* Your instructions
Pictures stay out, but every line of the data is copied exactly.

* Available data
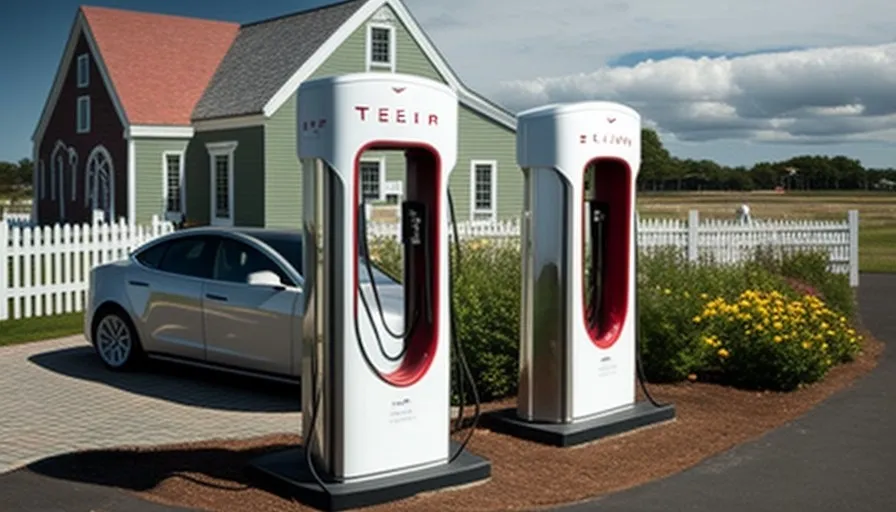 Tesla Charging Stations: Cape Cod Breezes Are No Match For Clean Energy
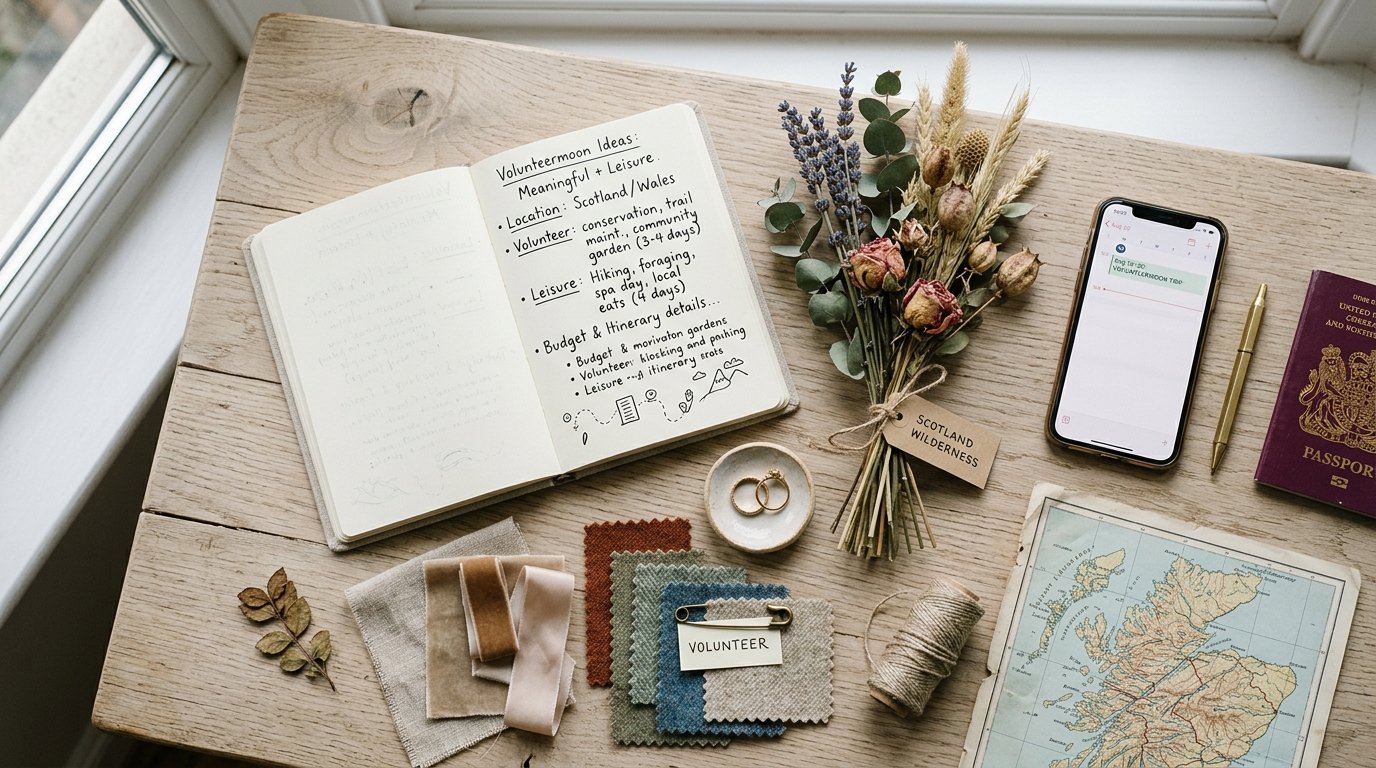 Buddymoons, Ecomoons & Volunteermoons: UK Guide — The volunteermoon: meaningful + leisure, editorial photography for Weddings Hub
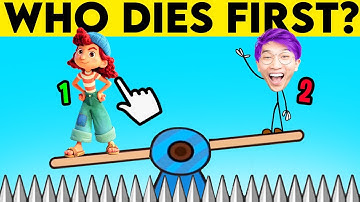 NOOB vs PRO vs HACKER In GUESS WHO DIES FIRST?! (ALL LEVELS!)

* Solution for this task
 Tesla Charging Stations: Cape Cod Breezes Are No Match For Clean Energy
 Buddymoons, Ecomoons & Volunteermoons: UK Guide — The volunteermoon: meaningful + leisure, editorial photography for Weddings Hub
 NOOB vs PRO vs HACKER In GUESS WHO DIES FIRST?! (ALL LEVELS!)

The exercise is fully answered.